Incorporate user-generated images. User-generated content from real consumers is perhaps even more powerful than brand-produced images, Gupta said. Customers love getting recognized by their favorite companies on social media, and in most cases, they’re happy to create and share content to be used by a brand.
“During the holiday season, it’s advantageous to run promotions that are all about your fans creating content,” Gupta said. “Having people take photos [of your products] around the holiday season that show how much they’re enjoying them is a great way to spread awareness.”
“By running a holiday social media campaign, you can almost guarantee an increase in sales,” added Nicole Bandklayder, co-founder and chief marketing officer of jewelry retailer Bijouxx Jewels. “[For example, host] a contest to win something, and [to enter], you have to post a photo with the campaign hashtag.”
If you do decide to run a contest, Bandklayder said, make sure to publicize it well across all social platforms, to ensure your followers know about it.
Pay attention to your analytics.

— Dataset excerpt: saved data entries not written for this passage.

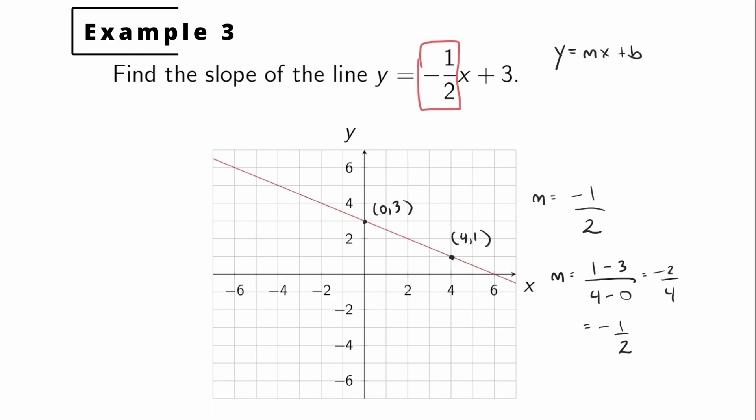That's finding the slope of a line. We found the slope in several different ways. As you move forward, make sure you're comfortable finding the slope in each different form — with the equation, with the actual graph, or if you know two points on the line. Until next time, have fun.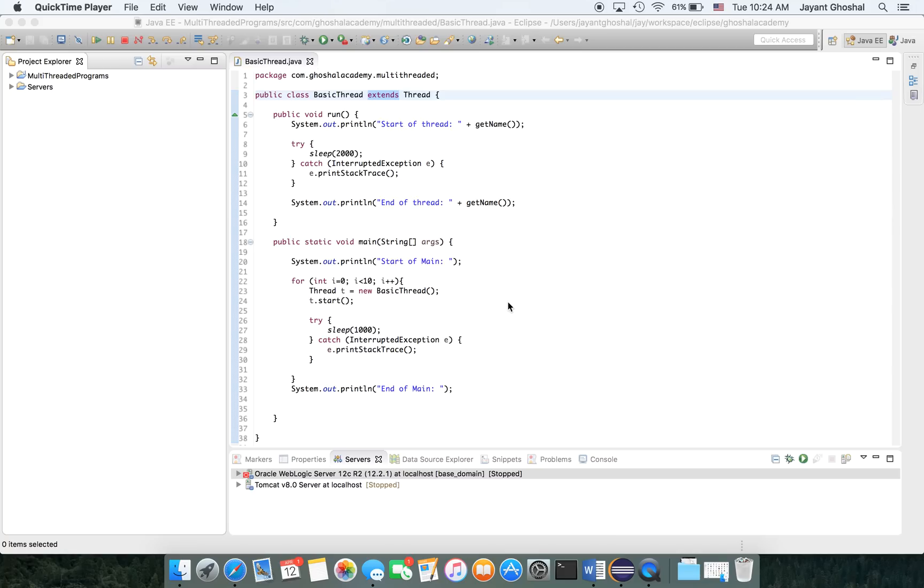Hello, folks. In this session, we're going to cover another scenario of creating a basic multi-threaded application.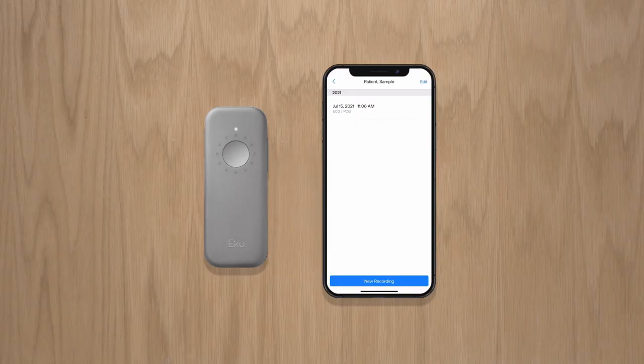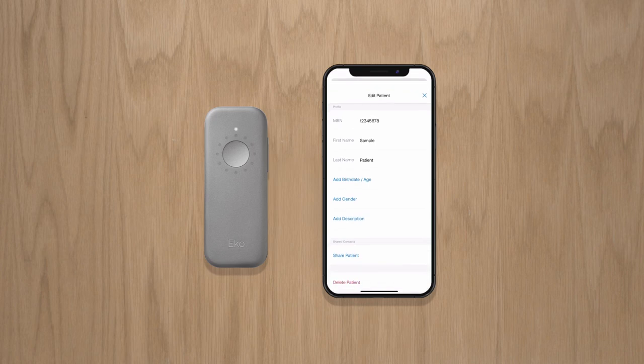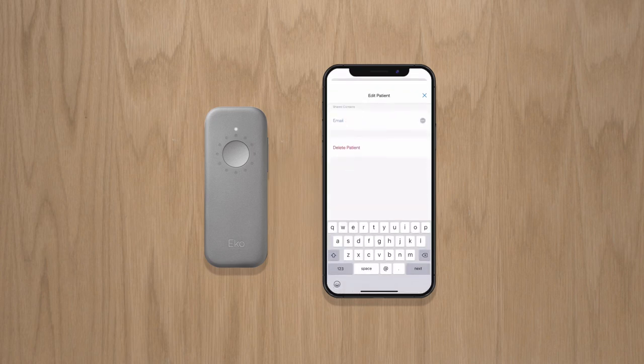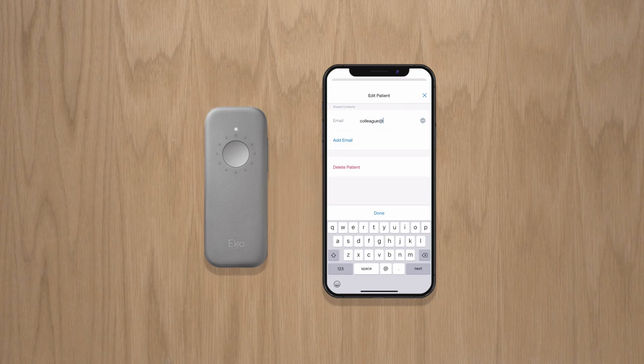To share recordings, go to the patient you wish to share and click Edit in the upper right. Scroll down to Shared Contacts. Enter the recipient's email and a link will be sent with directions to create a free Echo account and securely view the data.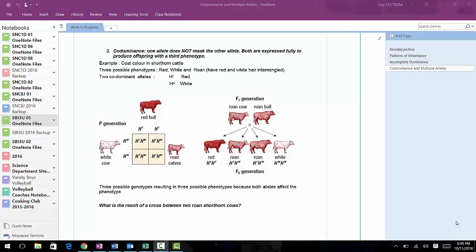Codominance is very similar to incomplete dominance, but instead of having two alleles mixed together to produce one phenotype, we instead get both alleles being expressed, which results in a third possible phenotype.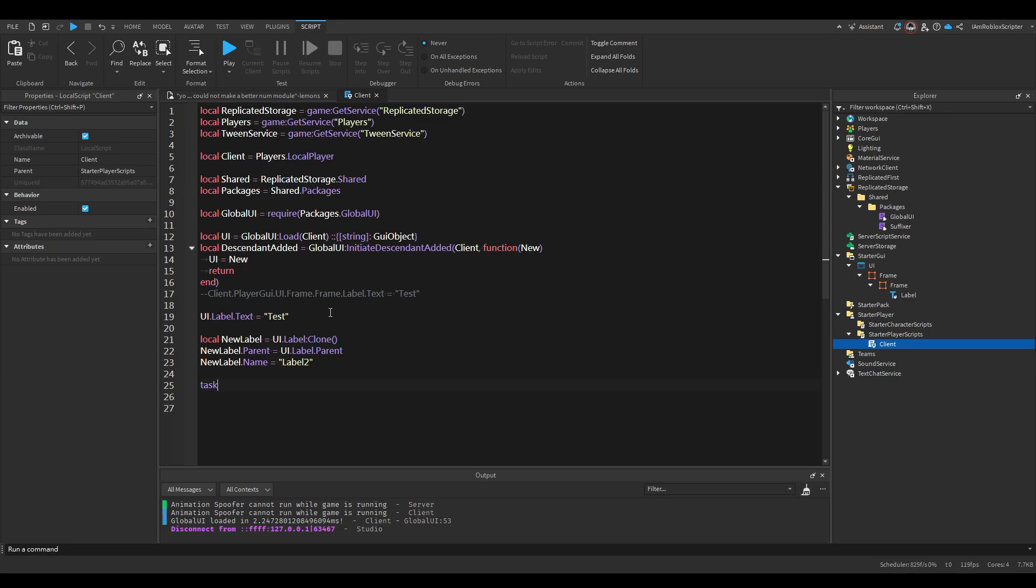Then we do task that wait 3 seconds, so we have some time. And we do new label.text equal test2.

As with any marketing effort, keeping a close eye on your metrics — to discover what works and what doesn’t — is the key to creating holiday social media campaigns that stick. This is especially true on Pinterest, where most pinned photos are taken and shared from brand websites, Gupta said. If your followers are sharing photos of specific products, you can use those insights to plan your next move.
“You can learn a lot just by observing which photos [customers] take from your brand and share,” Gupta said. “[If you see] what’s trending for you are holiday photos or photos of sweaters, [you can] use that to inform your advertising this holiday season and make better decisions.”